Walls For Tolerance?

By Raymond Shipley

The year 2016 is drawing to a close, and with it one of the most volatile years in recent history. With Brexit, Trump and Italy's PM resigning, globalism seems to have taken a major hit. On top of this, terrorism has been a constant for those inviting Muslim refugees into their nations. So, what lessons has 2016 taught us?

Unfortunate for the Left, this past year seems to have failed as a wake up call to change unpopular and detrimental policies. Such will spell the end for a people and culture that has thrived since time immemorial; however, rather than rethink globalism and its effects on Western culture, there has instead been a doubling down.

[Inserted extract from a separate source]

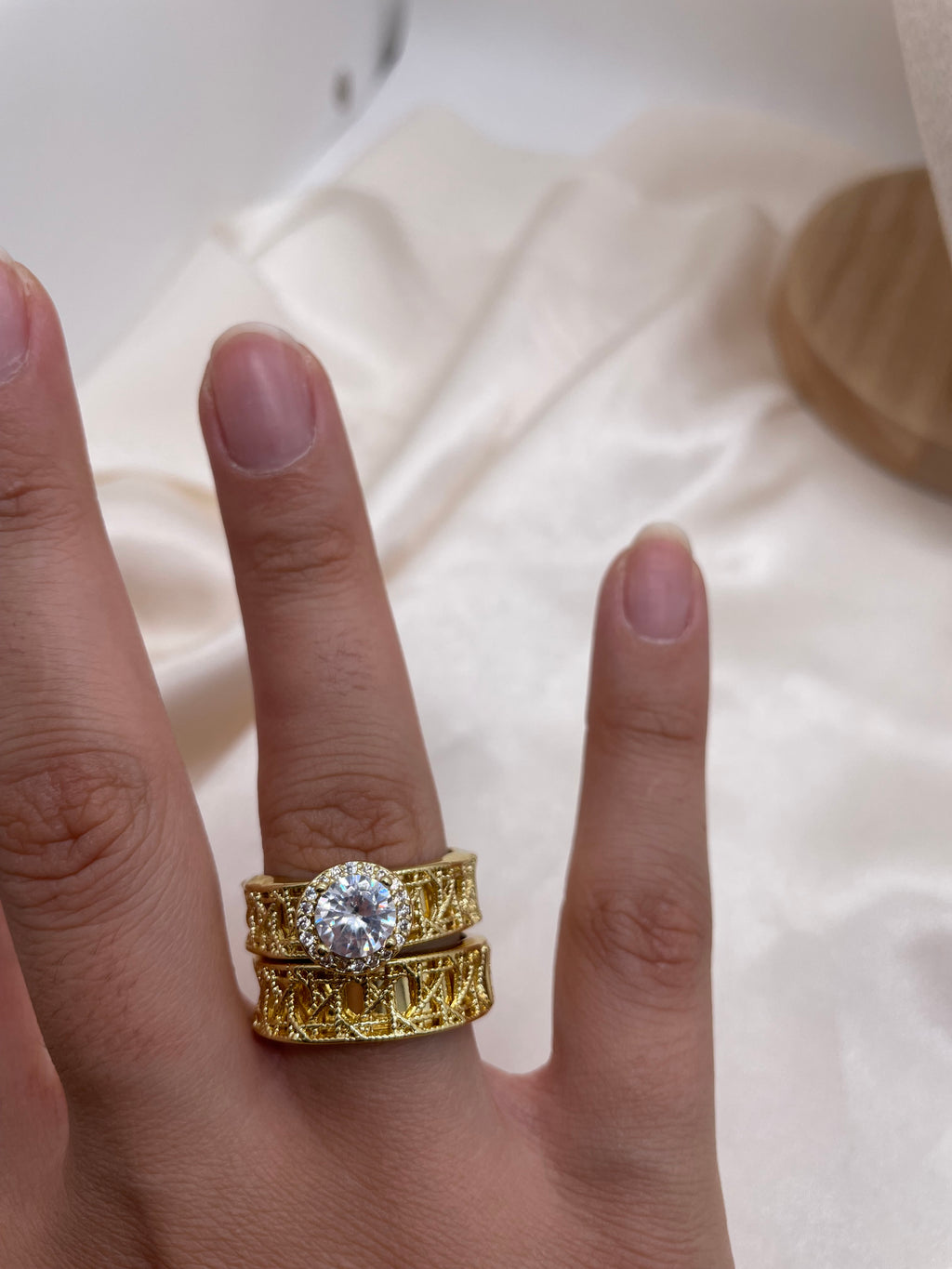 Round Dior Ring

It is unlikely the inheritors of such greatness will go down without a fight, despite the recent suicidal altruism that has permeated these past decades.

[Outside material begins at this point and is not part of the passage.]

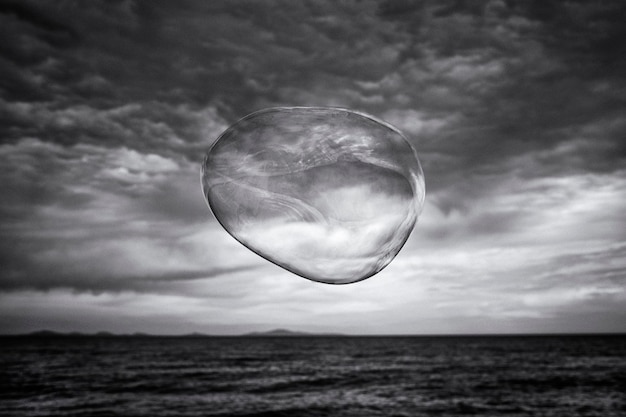 Foto bolle nel mare contro il cielo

And what of the lessons learned through death at the hands of Islamic terrorism? Is there now a push to stop the influx of migrants and refugees? Hardly. Apparently the deaths of individuals and Western culture itself is the price they are willing to pay. Again, the likelihood this doesn't coalesce into a nationalist uprising is minute, and in many ways it has already begun.

The United Kingdom, at least, now seems to have the solution to the terrorism problem. According to the Sun, London now has plans for a wall and security check-points that will cost roughly £5 million. Yes, rather than reverse the policies that have caused the problem, the UK is willing to fork out £5 million. Of course, what amounts to millions spent taking care of today's problems will inevitably be much more soon enough. It is, apparently, expensive to be so tolerant.

When will we learn from our mistakes? When will the People take it upon themselves to do that which their governments refuse? Time will tell, but history has shown that such policies of altruism have never produced positive results. Time for some real resolutions for the new year.